- **Exercise aim**: Give again, word for word, the line holding "GRANGER META 2026!" and every line after it through the end of the data below. Omit pictures.
---- Record set
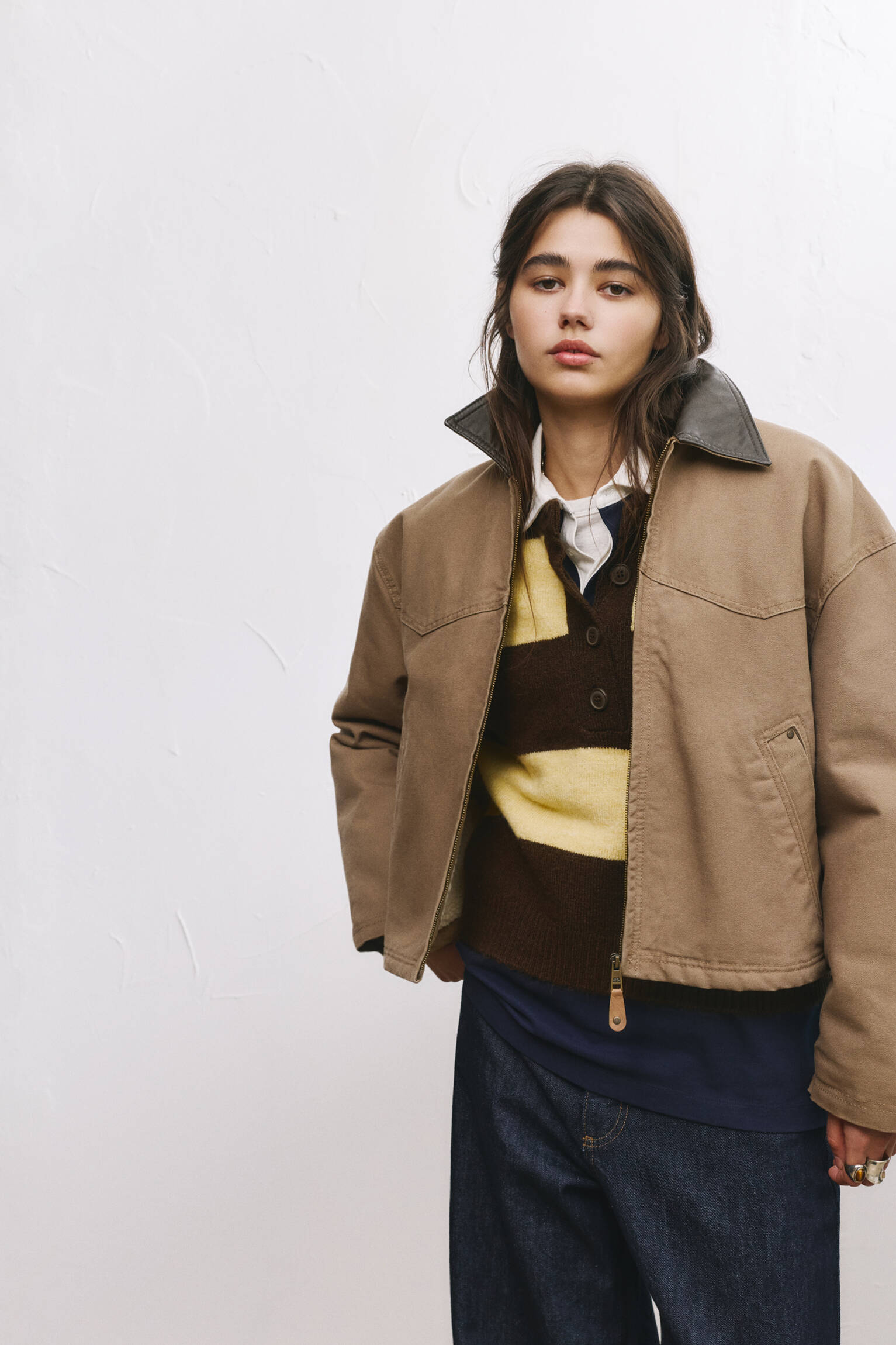 Veste à col combiné zippée - pull&bear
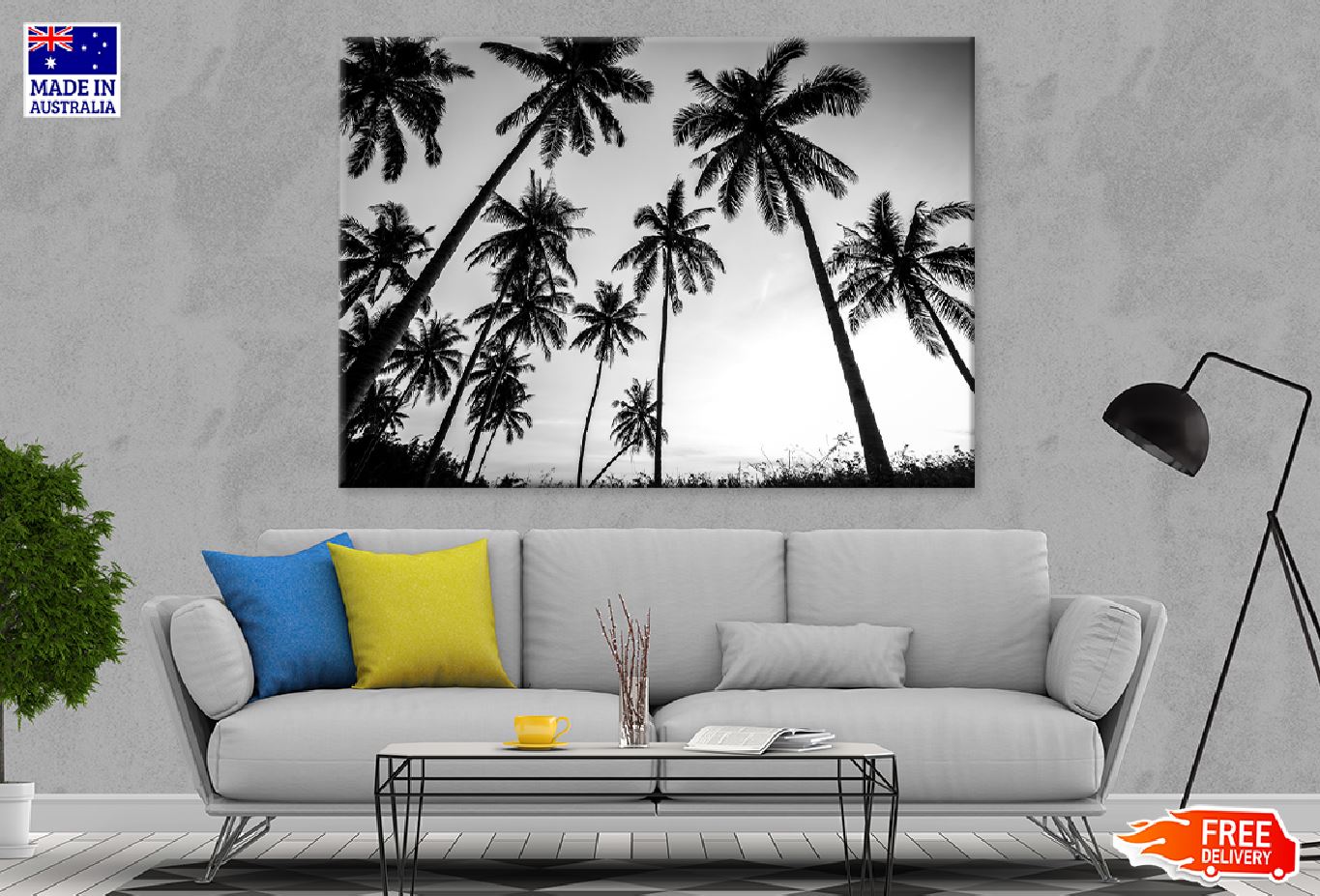 Coconut Palm Tree B&W Photograph Print 100% Australian Made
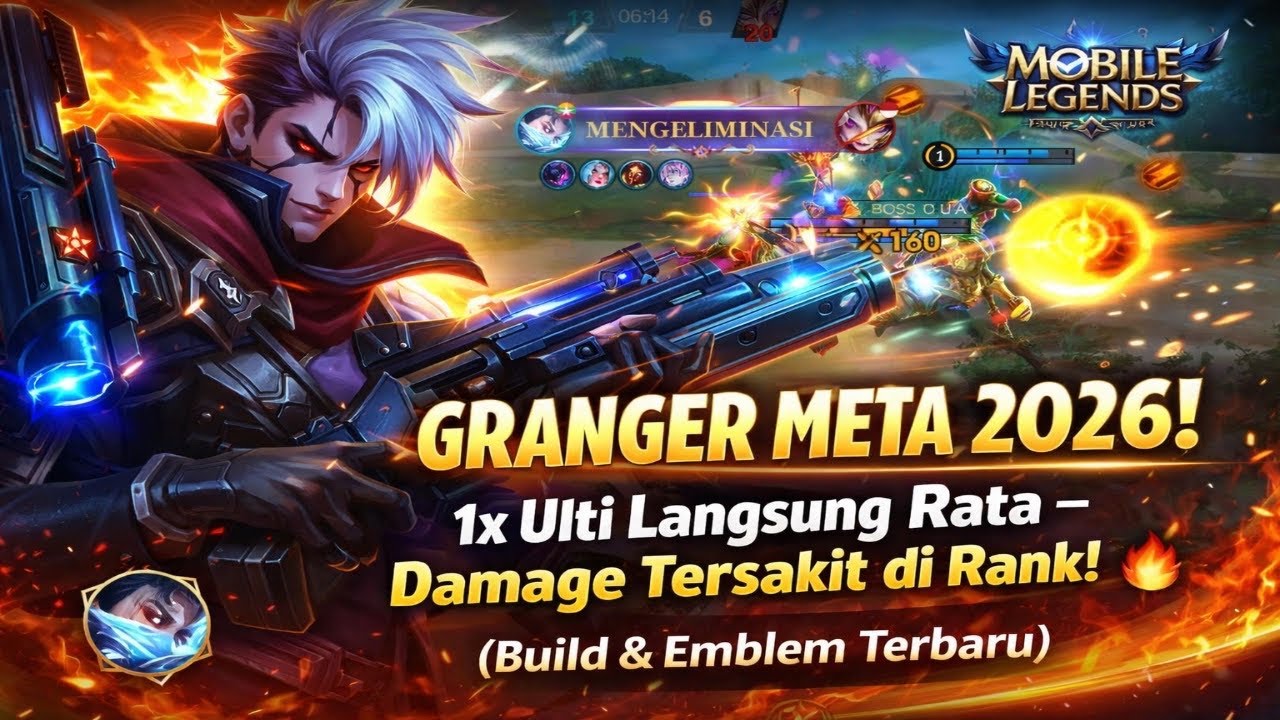 GRANGER META 2026! 1x Ulti Langsung Rata – Damage Tersakit di Rank! 🔥 (Build & Emblem Terbaru)
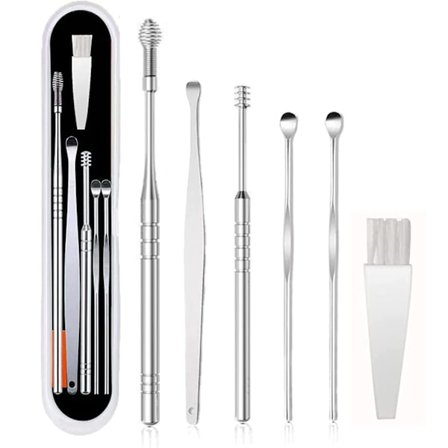Öronrengöringsset Öronvaxborttagare rostfritt stål 6 delar
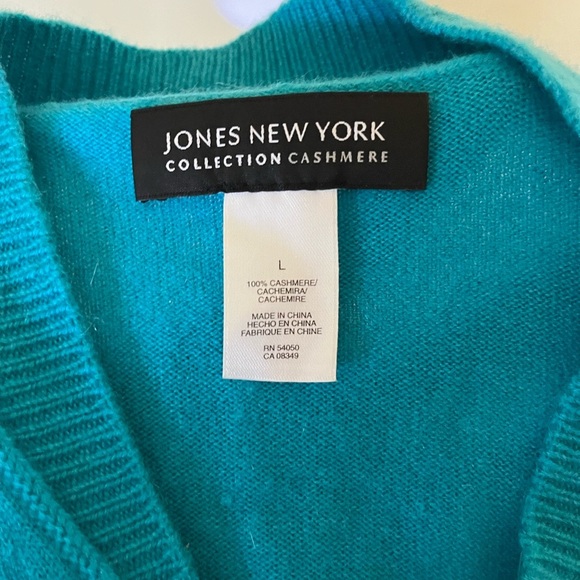Jones New York Collection Cashmere Teal V-Neck Sweater Size Large - Picture 4 of 4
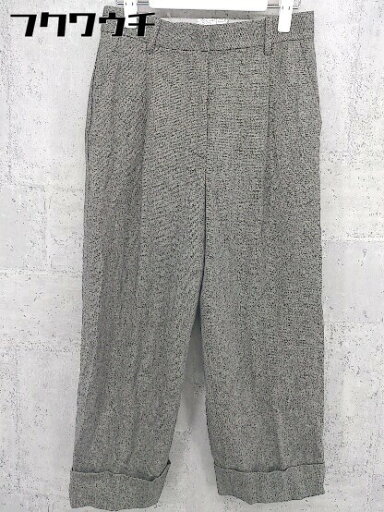 ◇ allureville アルアバイル ロールアップ タック パンツ サイズ2 ベージュ ブラック レディース 【中古】 ◇ allureville アルアバイル ロールアップ タック パンツ サイズ2 ベージュ ブラック レディース 【中古】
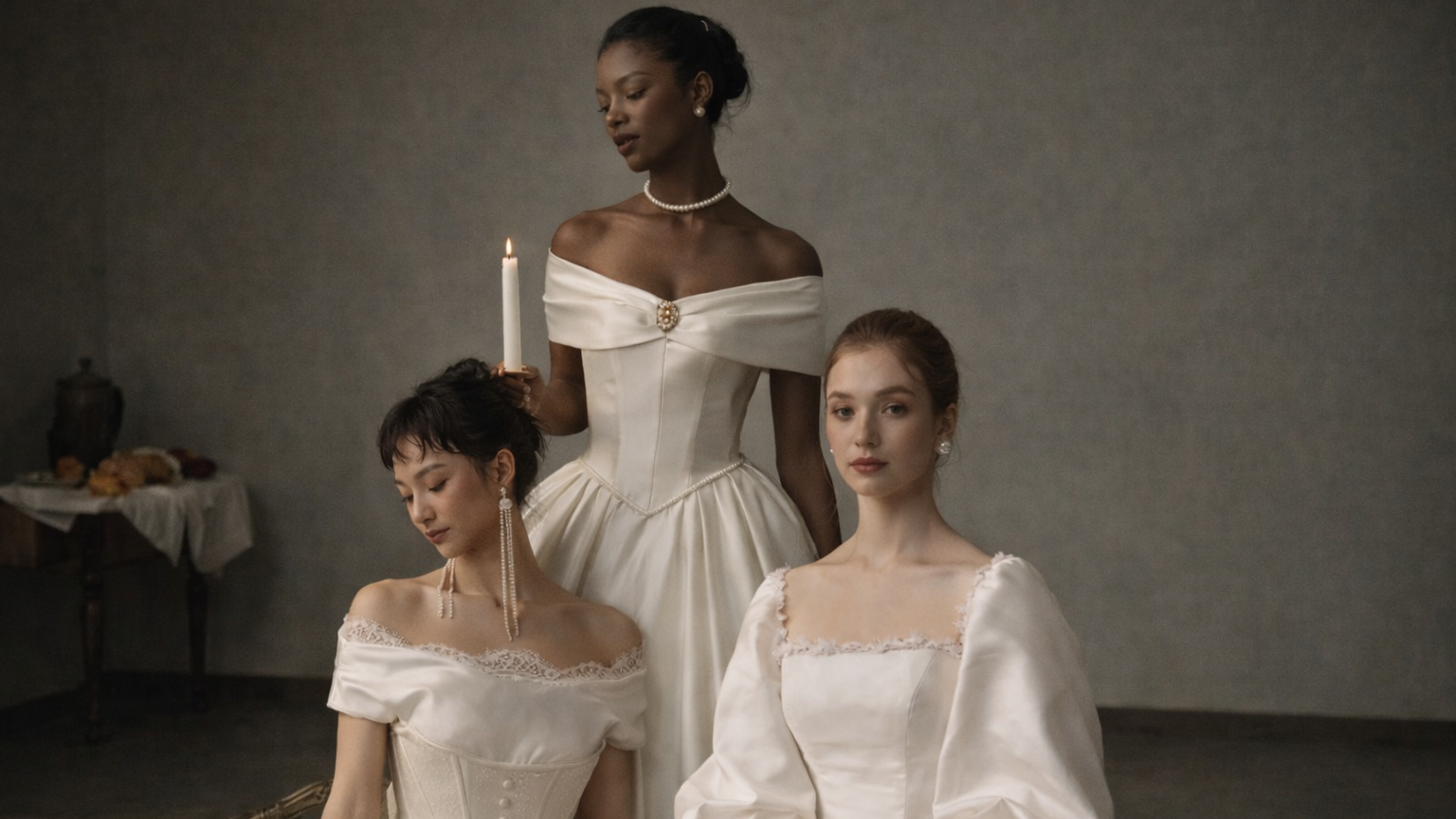 Three women in white off-shoulder dresses standing in a dimly lit room, wearing Une Jolie Balade luxurious vintage-inspired wedding dresses.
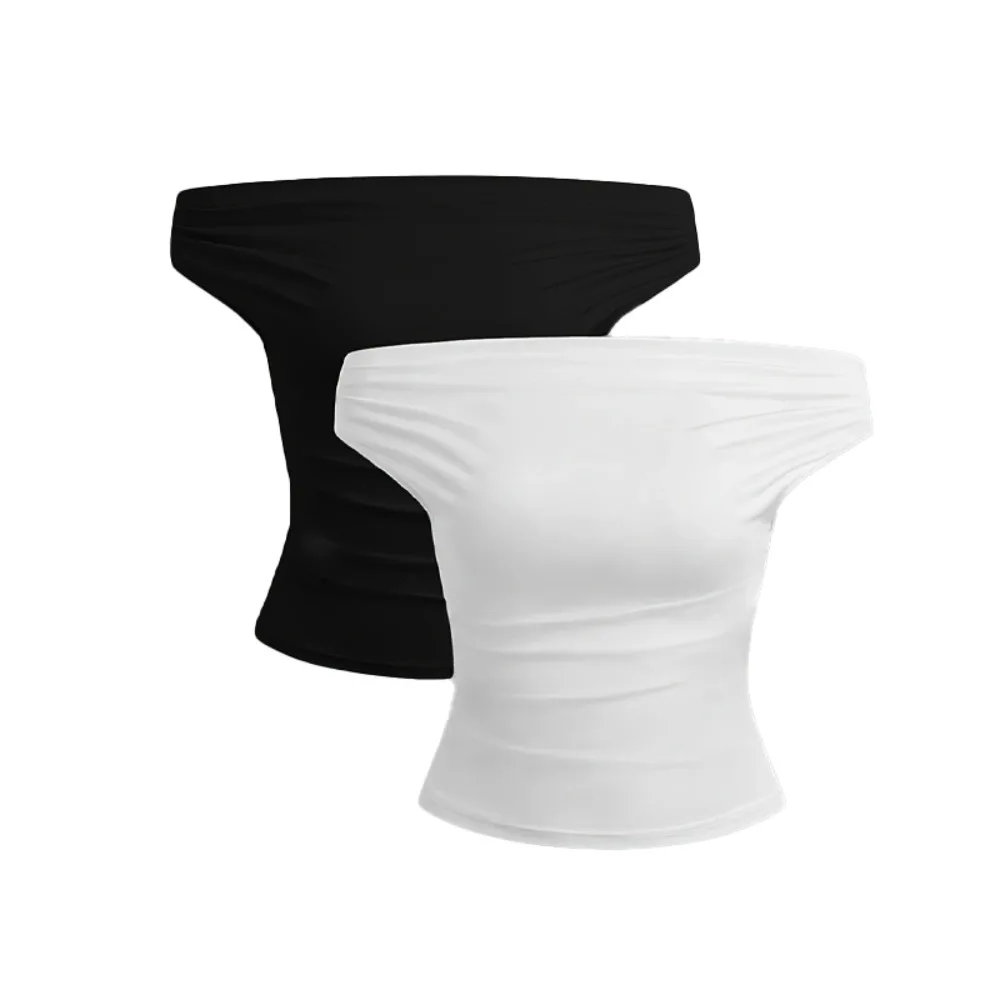 2-teiliges Set Plissee Asymmetrische Crop Top Frau T-shirts Trägerloses Top Weibliche Ärmellose Sexy Tops Frauen Tuch Mode Streetwear – Detail 6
--------
- **Answer section**:
 GRANGER META 2026! 1x Ulti Langsung Rata – Damage Tersakit di Rank! 🔥 (Build & Emblem Terbaru)
Öronrengöringsset Öronvaxborttagare rostfritt stål 6 delar
Jones New York Collection Cashmere Teal V-Neck Sweater Size Large - Picture 4 of 4
 ◇ allureville アルアバイル ロールアップ タック パンツ サイズ2 ベージュ ブラック レディース 【中古】 ◇ allureville アルアバイル ロールアップ タック パンツ サイズ2 ベージュ ブラック レディース 【中古】
 Three women in white off-shoulder dresses standing in a dimly lit room, wearing Une Jolie Balade luxurious vintage-inspired wedding dresses.
 2-teiliges Set Plissee Asymmetrische Crop Top Frau T-shirts Trägerloses Top Weibliche Ärmellose Sexy Tops Frauen Tuch Mode Streetwear – Detail 6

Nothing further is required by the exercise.